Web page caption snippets
++++++++

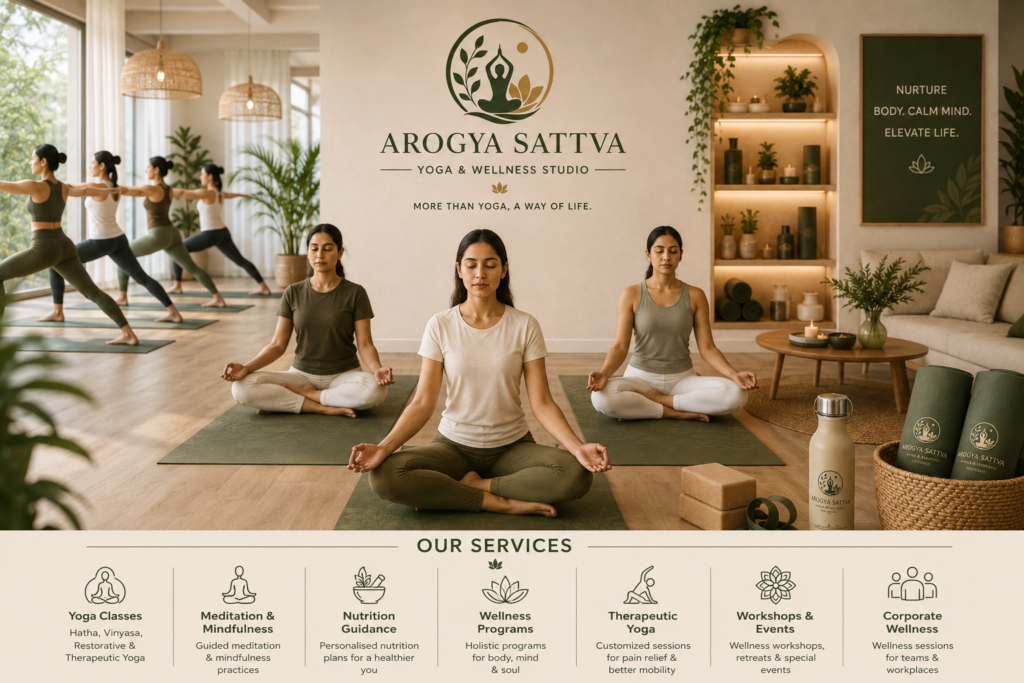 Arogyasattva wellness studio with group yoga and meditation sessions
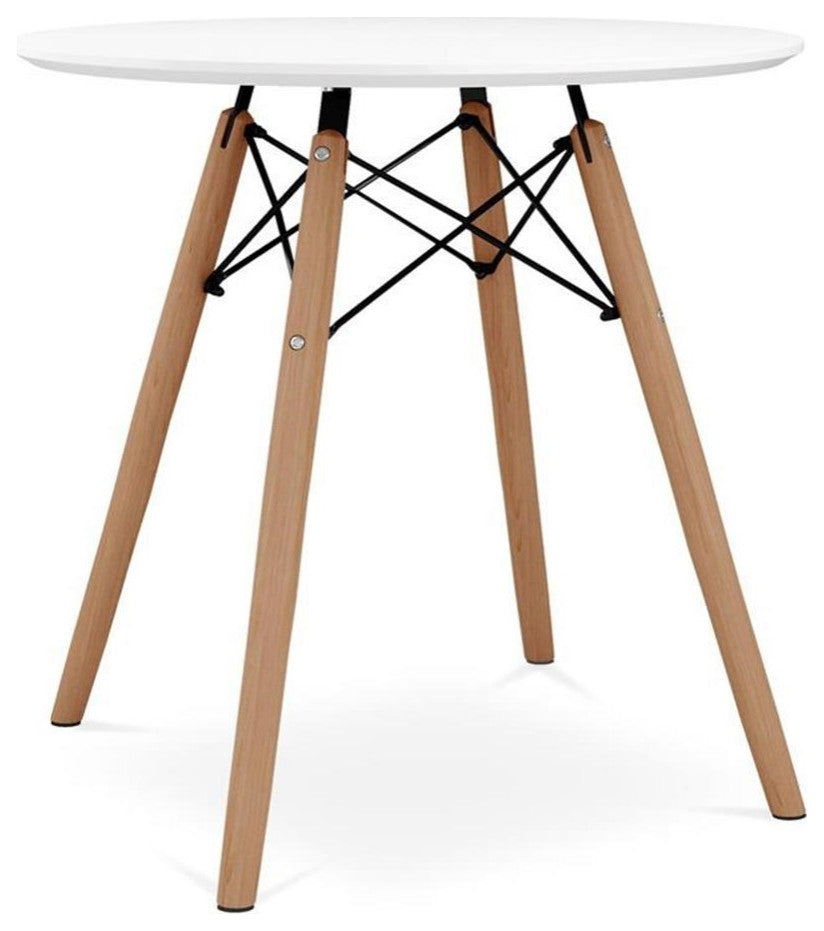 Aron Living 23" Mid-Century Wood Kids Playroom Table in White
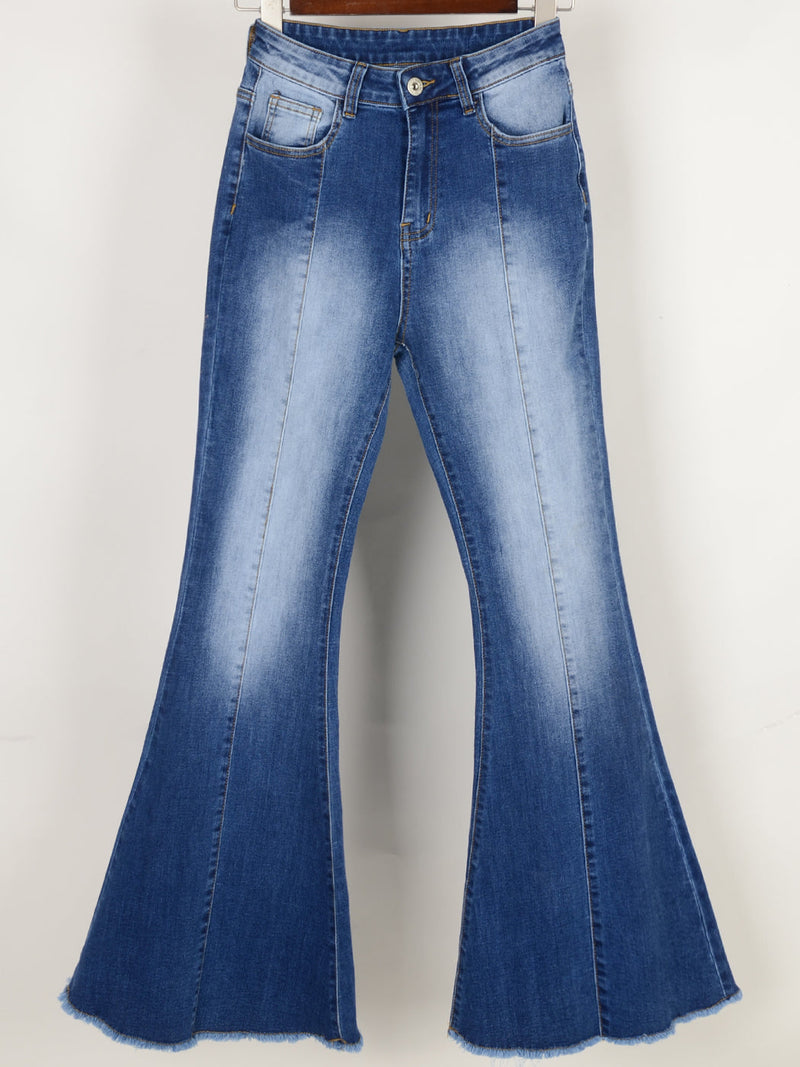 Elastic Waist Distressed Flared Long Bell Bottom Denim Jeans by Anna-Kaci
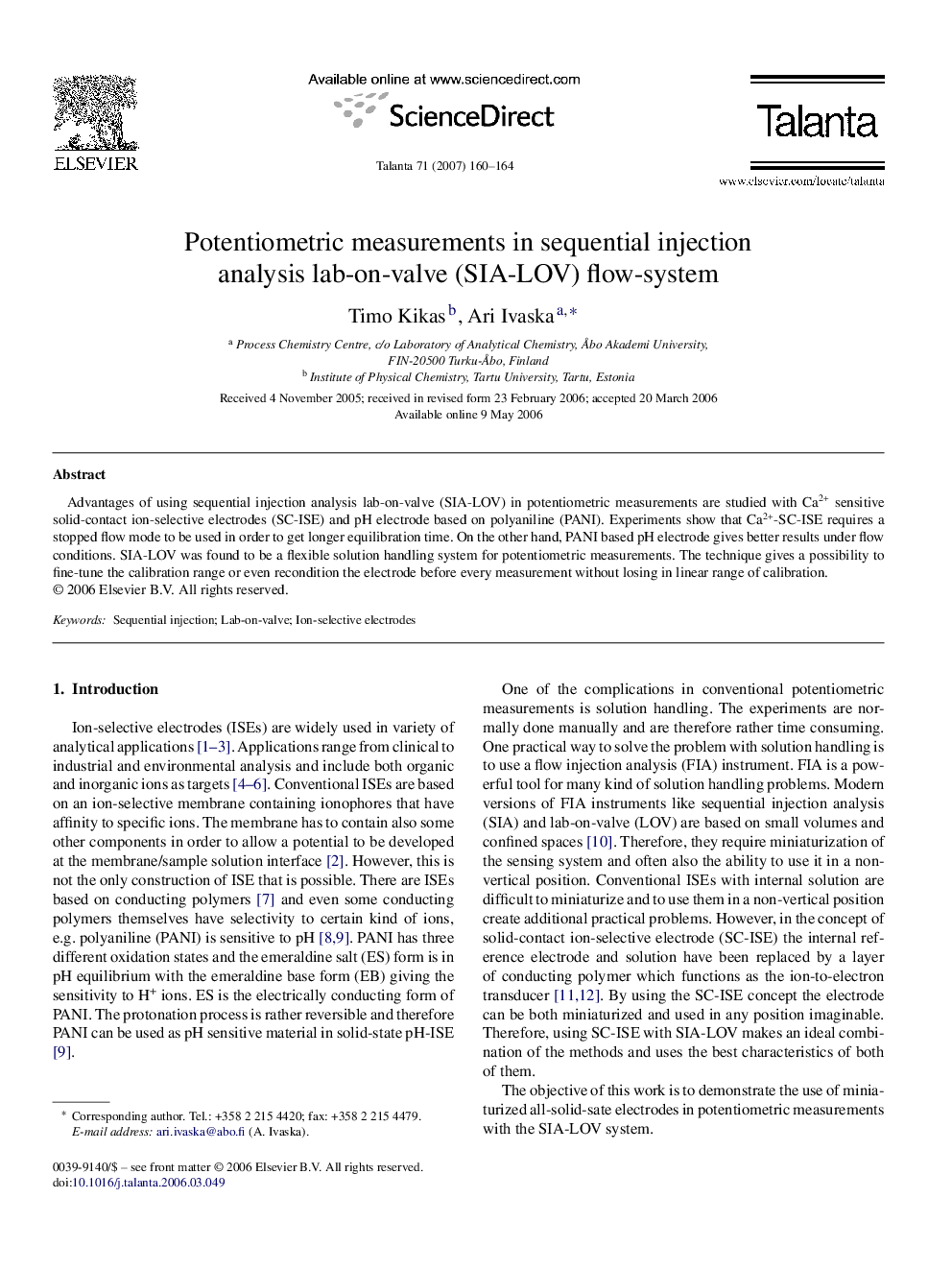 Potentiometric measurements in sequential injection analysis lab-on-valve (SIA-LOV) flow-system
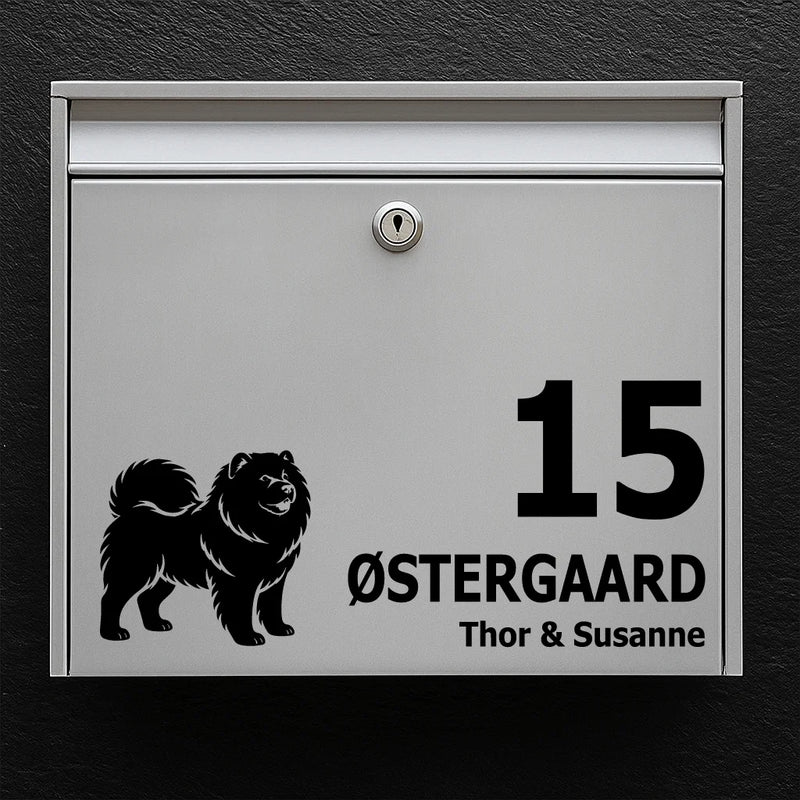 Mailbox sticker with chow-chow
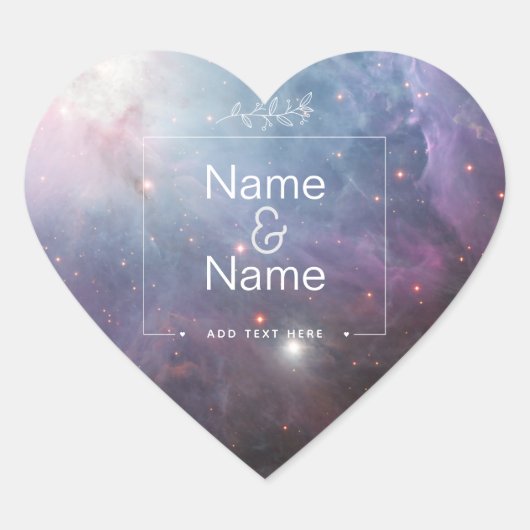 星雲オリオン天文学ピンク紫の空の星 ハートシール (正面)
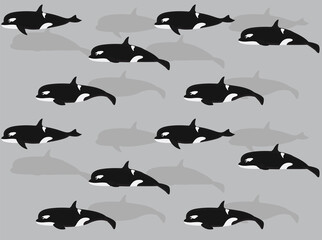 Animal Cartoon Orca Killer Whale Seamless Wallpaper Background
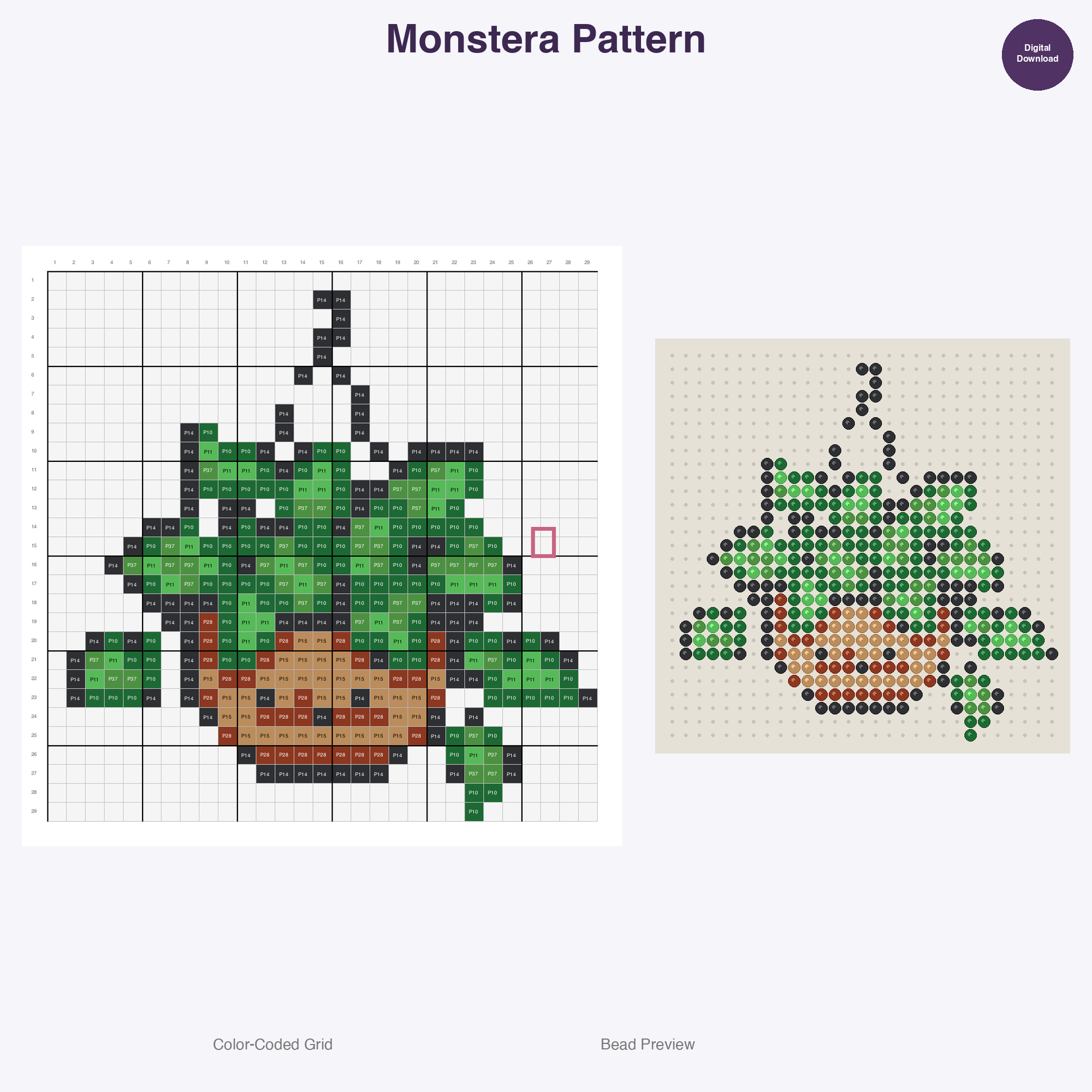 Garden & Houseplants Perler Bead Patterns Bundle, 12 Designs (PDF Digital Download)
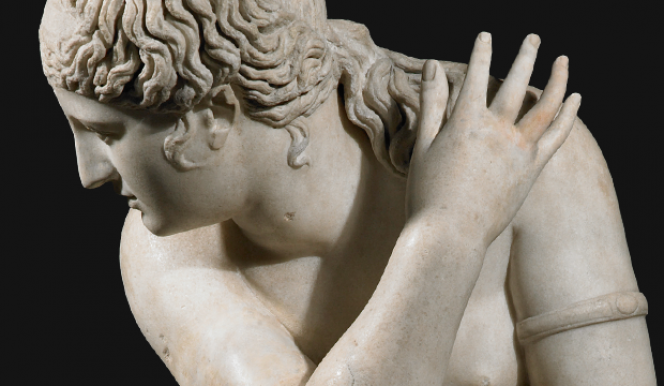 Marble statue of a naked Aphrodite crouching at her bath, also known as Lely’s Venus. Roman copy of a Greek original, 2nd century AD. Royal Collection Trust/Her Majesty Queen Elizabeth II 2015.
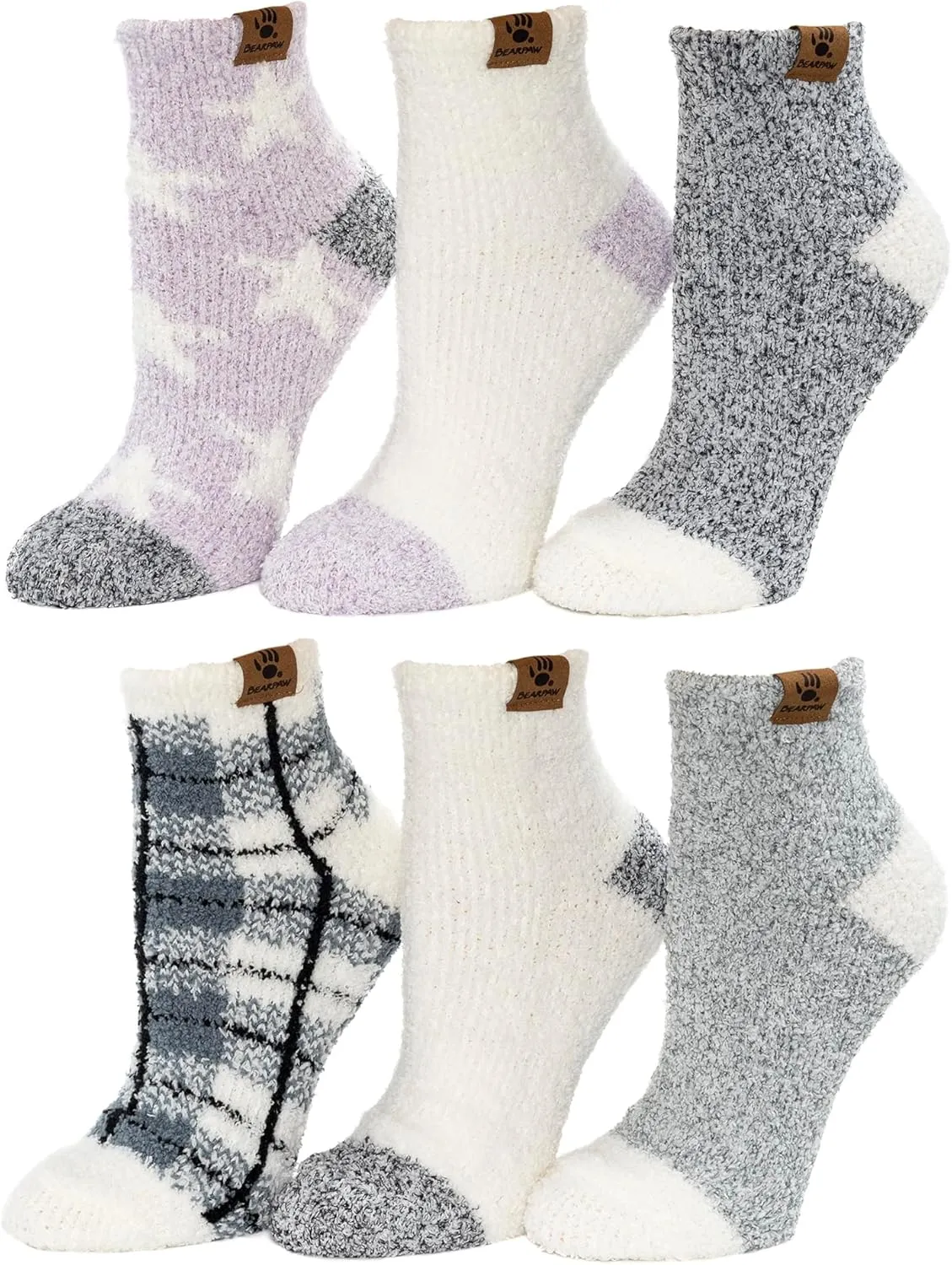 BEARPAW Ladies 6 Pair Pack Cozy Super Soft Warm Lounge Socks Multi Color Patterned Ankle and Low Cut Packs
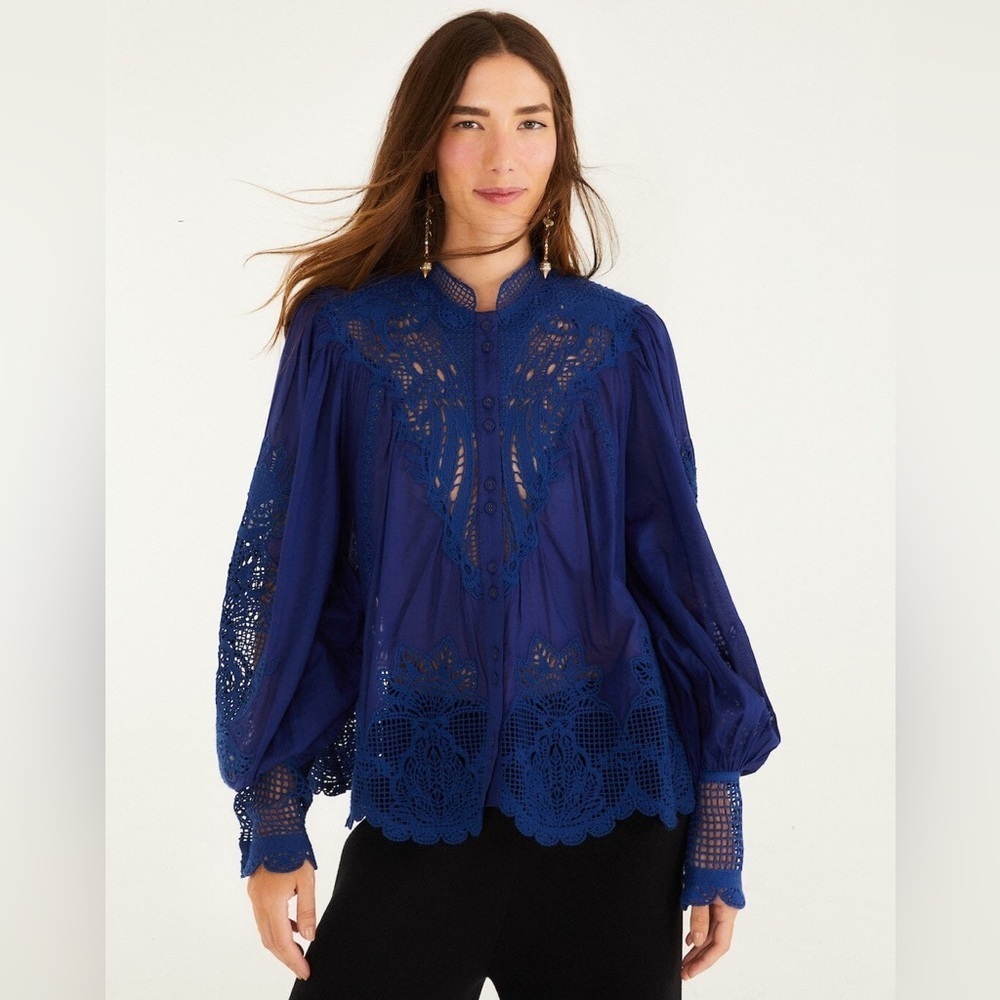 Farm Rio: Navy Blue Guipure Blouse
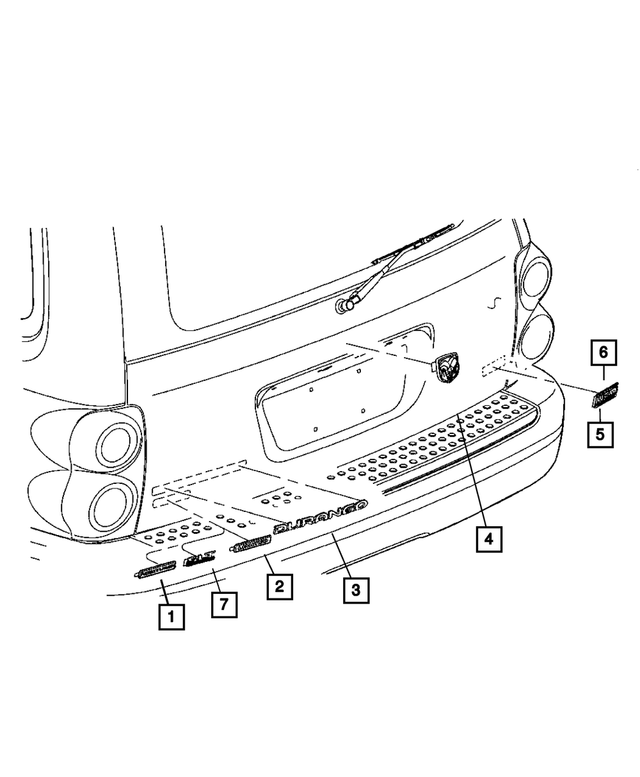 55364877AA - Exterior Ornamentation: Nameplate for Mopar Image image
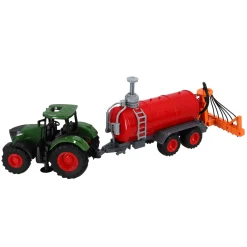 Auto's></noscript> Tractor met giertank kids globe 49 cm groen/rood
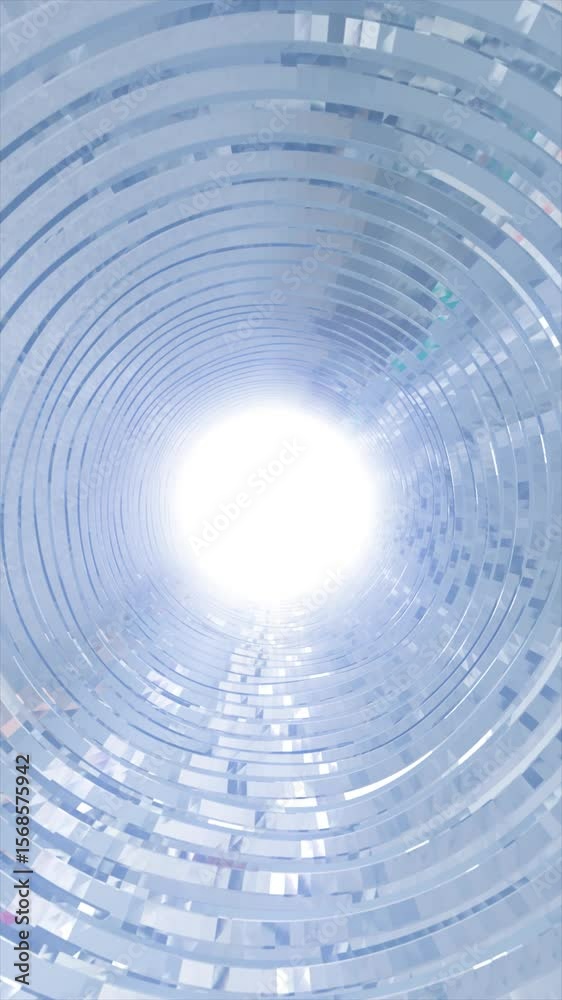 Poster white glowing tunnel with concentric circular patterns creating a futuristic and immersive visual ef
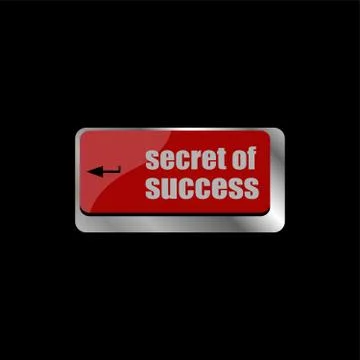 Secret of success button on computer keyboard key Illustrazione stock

++++++++

Exercise ▸
Using the entries above, reproduce word for word only the lines from the one that contains "Table in White" to the one that contains "Auto's></noscript> Tractor met", both ends included, and drop every picture.

Task solution ▸
 Aron Living 23" Mid-Century Wood Kids Playroom Table in White
 Elastic Waist Distressed Flared Long Bell Bottom Denim Jeans by Anna-Kaci
 Potentiometric measurements in sequential injection analysis lab-on-valve (SIA-LOV) flow-system
 Mailbox sticker with chow-chow
 星雲オリオン天文学ピンク紫の空の星 ハートシール (正面)
 Animal Cartoon Orca Killer Whale Seamless Wallpaper Background
 Garden & Houseplants Perler Bead Patterns Bundle, 12 Designs (PDF Digital Download)
 Marble statue of a naked Aphrodite crouching at her bath, also known as Lely’s Venus. Roman copy of a Greek original, 2nd century AD. Royal Collection Trust/Her Majesty Queen Elizabeth II 2015.
 BEARPAW Ladies 6 Pair Pack Cozy Super Soft Warm Lounge Socks Multi Color Patterned Ankle and Low Cut Packs
 Farm Rio: Navy Blue Guipure Blouse
 55364877AA - Exterior Ornamentation: Nameplate for Mopar Image image
 Auto's></noscript> Tractor met giertank kids globe 49 cm groen/rood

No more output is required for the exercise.